Maximum Parsimony tutorial using PAUP

2 minute read

Step 1: Downloading and installing software

For this tutorial the programs we will use are SeaView, PAUP, and the text editor of your choice. SeaView has many uses, including:

  • Viewing molecular sequences
  • Algorithmic alignment of molecular sequences
  • Manually editing and alignment of molecular sequences
  • Estimating phylogenetic trees from molecular sequences
  • Viewing phylogenetic trees

If you are running Windows or macOS, you can download the latest version of SeaView from the SeaView web site. If you are running Ubuntu, then SeaView is available from the package manager. You can install it from the “Ubuntu Software” GUI, or manually using apt install seaview.

PAUP is used to infer trees from molecular data, and incorporates many different methods and models for doing so. These include:

If you are running macOS or Linux, please download the latest command line version of PAUP for your platform from the PAUP test-version downloads web site. Extract PAUP, and make sure the program is executable by opening the command line, navigating to the directory it was stored in, and running chmod +x paup4a164_ubuntu64 on Ubuntu or chmod +x paup4a164_osx on macOS. If you are running Windows, download the Windows GUI version from the same web site.

If you do not have a favorite text editor already, I recommend Sublime Text or Visual Studio Code. You can download and install either program from their respective web sites.

After downloading the software, download the workshop materials archive to your computer, and extract its contents.

Step 2: Exploring the true tree and sequence data

Launch SeaView, and then open the fz.tree file in the phylogenetics-workshop folder. This will show you an ultrametric tree that was randomly generated for this workshop (using a coalescent model).

Still in SeaView, open the multiple sequence alignment file. This is a 100,000 character alignment generated based on the tree you just opened, and using a Jukes-Cantor model of molecular evolution.

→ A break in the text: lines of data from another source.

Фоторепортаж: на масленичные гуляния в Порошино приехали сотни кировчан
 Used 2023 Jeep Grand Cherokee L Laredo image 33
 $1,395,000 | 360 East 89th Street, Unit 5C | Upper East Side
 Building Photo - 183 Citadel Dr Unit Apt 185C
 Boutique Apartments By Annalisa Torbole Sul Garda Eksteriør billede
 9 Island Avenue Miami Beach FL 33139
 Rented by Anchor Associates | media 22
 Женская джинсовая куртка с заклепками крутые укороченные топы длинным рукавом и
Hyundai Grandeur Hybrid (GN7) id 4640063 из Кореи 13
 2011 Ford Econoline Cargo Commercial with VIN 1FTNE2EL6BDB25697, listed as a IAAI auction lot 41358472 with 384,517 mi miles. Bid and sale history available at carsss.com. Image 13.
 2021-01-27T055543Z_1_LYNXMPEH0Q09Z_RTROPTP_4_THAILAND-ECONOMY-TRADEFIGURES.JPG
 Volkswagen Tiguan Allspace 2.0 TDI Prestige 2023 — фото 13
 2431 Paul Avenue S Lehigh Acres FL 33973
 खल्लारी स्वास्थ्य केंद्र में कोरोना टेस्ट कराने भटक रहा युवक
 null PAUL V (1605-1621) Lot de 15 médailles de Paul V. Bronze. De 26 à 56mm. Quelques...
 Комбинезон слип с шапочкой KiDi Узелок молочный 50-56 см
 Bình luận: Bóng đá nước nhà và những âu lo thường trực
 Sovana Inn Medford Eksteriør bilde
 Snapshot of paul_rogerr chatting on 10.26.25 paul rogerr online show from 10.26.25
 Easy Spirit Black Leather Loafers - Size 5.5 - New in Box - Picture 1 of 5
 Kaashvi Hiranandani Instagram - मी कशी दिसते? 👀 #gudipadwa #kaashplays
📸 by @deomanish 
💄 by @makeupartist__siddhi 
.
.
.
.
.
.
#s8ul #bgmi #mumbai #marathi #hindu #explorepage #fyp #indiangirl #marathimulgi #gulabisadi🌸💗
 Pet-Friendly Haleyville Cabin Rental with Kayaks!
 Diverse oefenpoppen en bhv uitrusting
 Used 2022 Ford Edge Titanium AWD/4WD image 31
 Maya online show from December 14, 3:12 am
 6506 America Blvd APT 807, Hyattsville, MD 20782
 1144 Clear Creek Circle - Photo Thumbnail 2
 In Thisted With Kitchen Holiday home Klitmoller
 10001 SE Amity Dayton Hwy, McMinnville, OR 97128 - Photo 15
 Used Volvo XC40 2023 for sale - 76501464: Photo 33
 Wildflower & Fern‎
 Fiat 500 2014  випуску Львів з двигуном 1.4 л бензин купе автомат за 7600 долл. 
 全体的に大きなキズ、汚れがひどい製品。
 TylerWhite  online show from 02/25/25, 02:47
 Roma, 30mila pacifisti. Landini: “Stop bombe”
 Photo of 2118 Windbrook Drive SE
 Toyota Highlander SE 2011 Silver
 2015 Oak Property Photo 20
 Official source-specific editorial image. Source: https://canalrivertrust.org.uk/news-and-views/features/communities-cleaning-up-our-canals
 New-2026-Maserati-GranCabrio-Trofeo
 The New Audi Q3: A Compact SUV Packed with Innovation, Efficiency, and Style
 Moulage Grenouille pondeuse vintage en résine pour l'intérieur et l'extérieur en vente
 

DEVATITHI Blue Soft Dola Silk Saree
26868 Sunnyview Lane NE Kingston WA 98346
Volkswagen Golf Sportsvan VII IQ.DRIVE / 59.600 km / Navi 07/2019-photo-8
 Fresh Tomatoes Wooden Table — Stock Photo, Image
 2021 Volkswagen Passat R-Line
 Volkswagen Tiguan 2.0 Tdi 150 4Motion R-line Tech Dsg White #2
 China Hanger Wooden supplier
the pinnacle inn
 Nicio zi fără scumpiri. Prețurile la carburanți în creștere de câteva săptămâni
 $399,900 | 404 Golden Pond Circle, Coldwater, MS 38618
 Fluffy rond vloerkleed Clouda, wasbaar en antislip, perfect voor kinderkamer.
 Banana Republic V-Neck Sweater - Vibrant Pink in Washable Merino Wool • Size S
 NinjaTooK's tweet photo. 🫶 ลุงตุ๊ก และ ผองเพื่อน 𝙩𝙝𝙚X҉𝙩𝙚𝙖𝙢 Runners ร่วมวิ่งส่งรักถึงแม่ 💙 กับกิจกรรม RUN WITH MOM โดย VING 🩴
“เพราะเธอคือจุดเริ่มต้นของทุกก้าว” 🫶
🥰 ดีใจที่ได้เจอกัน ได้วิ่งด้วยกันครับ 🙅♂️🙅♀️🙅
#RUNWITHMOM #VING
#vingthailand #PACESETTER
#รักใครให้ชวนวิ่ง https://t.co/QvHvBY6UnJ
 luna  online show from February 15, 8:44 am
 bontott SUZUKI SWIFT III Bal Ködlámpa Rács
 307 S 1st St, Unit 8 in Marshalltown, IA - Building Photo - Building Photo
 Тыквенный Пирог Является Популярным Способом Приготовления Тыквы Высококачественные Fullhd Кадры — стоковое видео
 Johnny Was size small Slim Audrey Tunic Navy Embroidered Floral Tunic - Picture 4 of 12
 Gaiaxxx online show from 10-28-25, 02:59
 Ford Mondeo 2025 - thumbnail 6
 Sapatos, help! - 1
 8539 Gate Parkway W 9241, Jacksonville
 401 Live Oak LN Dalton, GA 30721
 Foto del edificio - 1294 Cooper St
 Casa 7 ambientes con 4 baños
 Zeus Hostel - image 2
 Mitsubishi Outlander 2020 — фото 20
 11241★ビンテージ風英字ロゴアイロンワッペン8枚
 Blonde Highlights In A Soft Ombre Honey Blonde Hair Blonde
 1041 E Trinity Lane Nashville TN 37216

Step 3: Inferring the maximum parsimony tree with PAUP

We will use PAUP to infer a phylogenetic tree. Open the command line on your computer, and navigate to the extracted phylogenetics-workshop folder. On Windows, run paup On macOS or Linux, replace paup with the path to the PAUP executable on your computer. For example if you saved it to the Downloads folder on a Mac, this might be ~/Downloads/paup4a164_osx. Run the following lines of PAUP code:

  1. Set Criterion=Parsimony;

This tells PAUP that the parsimony score of a tree should be used to judge its goodness of fit.

  1. BandB;

This command will identify the best fitting tree according to the parsimony criterion. Normally we have to use some kind of stochastic algorithm like hill-climbing or MCMC to infer trees, as the number of possible trees is so large. Because this data set is relatively small (100,000 sites and 12 taxa), we can instead use an exact “branch-and-bound” algorithm.

  1. SaveTrees file=mp.tree replace=yes;

Save the inferred tree as a file with the name mp.tree.

  1. Quit;

Should be self-explanatory.

Step 3: Exploring the inferred tree

Open the inferred tree in SeaView. Make sure the true tree is still open. The kind of inference we used produces an unrooted tree without branch lengths, so you may have to reroot it or rotate nodes in SeaView. Experiment with the “Swap” and “Re-root” options in SeaView so that the trees match.

What if any nodes are different between the truth and the estimated tree topology?